Air between the inner walls of the lungs (pleural cavity) causes the lungs to collapse (pneumothorax)
Subcutaneous air bubbles (subcutaneous emphysema)
Holes in the esophagus, trachea, or large blood vessels (perforations) Heart (rarely)
Your risk may be due to you The overall health status and other factors vary. Ask your doctor which risks are best for you. Talk to him or her about any concerns.
In some cases, mediastinoscopy should not be performed. The reasons may be:
- Previous mediastinoscopy, heart surgery, or other breast surgery
- Previous cervical or cervical spine surgery
- Health conditions prevent correct positioning of the neck during surgery
- Large veins block the upper body to the heart (superior vena cava) Obstruction)
- Severe heart disease
How do I prepare for mediastinoscopy?
Your doctor will explain the procedure to you. Ask him or her any questions you have. If necessary, surgery can be performed during the procedure. Your doctor will tell you more. You may be required to sign a consent statement to allow the procedure to be performed. Read the form carefully. Ask questions when something is unclear.
Tell your doctor if you have the following conditions:
- Are pregnant or suspect that you may be pregnant
- Are allergic to contrast media or iodine
- Are sensitive or allergic to drugs, latex, tape, or anesthetics (local and general)

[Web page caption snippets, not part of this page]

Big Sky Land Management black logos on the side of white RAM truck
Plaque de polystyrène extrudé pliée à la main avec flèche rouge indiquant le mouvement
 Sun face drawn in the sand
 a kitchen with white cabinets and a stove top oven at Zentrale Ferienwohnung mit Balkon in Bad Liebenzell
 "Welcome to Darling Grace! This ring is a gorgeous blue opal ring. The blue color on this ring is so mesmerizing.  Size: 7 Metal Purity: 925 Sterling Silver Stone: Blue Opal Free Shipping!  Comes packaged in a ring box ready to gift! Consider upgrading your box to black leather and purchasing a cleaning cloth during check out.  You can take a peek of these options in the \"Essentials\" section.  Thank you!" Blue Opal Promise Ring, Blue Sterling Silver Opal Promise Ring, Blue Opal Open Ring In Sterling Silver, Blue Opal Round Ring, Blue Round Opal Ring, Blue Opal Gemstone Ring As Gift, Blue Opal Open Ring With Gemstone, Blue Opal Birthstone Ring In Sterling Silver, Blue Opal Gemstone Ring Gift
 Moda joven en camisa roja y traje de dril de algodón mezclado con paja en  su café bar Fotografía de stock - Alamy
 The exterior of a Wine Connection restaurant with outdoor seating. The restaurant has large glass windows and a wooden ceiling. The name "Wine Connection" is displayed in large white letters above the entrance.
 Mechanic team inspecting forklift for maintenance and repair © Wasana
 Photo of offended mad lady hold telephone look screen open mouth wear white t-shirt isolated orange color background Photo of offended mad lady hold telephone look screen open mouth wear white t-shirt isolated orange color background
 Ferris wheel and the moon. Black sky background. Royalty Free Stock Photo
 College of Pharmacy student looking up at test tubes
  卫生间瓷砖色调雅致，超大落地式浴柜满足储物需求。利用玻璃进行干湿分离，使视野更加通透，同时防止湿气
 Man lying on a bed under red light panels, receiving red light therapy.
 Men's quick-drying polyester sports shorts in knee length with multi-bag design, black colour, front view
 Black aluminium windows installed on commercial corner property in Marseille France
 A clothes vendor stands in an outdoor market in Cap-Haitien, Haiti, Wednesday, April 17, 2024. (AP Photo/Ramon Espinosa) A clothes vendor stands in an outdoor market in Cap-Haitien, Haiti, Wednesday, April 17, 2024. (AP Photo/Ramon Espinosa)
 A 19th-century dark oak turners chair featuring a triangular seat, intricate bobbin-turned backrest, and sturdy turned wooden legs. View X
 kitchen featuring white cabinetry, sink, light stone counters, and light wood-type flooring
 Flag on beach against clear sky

- Is a drug, including prescription drugs , Over-the-counter drugs, vitamins and herbal supplements
People with bleeding disorders
Are taking blood-thinning drugs (anticoagulants), aspirin or other drugs that affect blood clotting
- Stop taking certain drugs as directed before surgery Your doctor
- 8 hours before your surgery, or as directed by your doctor, do not eat or drink
- Let someone drive you home from the hospital
- Follow all other instructions from your doctor
You may need a blood test Or other check or check the reef before you go. Your doctor will tell you more.
What happens during mediastinoscopy?
Surgical methods and length of hospital stay vary. It depends on your condition and the doctor’s approach. In most cases, the procedure is as follows:
You may be asked to take off your clothes. In this case, you will get a hospital gown. You may be asked to remove jewelry or other items.
- You are lying on the operating table.
- will place an intravenous (IV) tube in your arm or hand.
- You will receive general anesthesia. This is a medicine that prevents pain and allows you to fall asleep during the procedure.
- The breathing tube is inserted into your throat and connected to the ventilator (ventilator). Your heart rate, blood pressure and breathing will be monitored during the procedure.
- The hair in the surgical area may be shortened. Clean the skin in this area with a disinfectant.
- The doctor will make a small incision (incision) above your breastbone (sternum).
- He or she will use his finger to create a channel in the mediastinum and touch it to check the lymph nodes.
- The mediastinoscope passes through the channel. A tissue sample (biopsy) can be collected. This usually occurs in the lymph nodes.
- After the examination and all other procedures are completed, the mediastinoscope is removed.
- If other operations are required, they can be performed at this time.
- The skin incision is closed with sutures (sutures) or tape. Apply a bandage or bandage at this point.
- The tissue sample was sent to the laboratory.
- Breathing tube can be removed before leaving the operating room. Or it can be taken out in the recovery room later.
What happens after mediastinoscopy?
After the operation, you will spend some time in the recovery room. When you wake up from general anesthesia or sedation, you may feel sleepy and confused.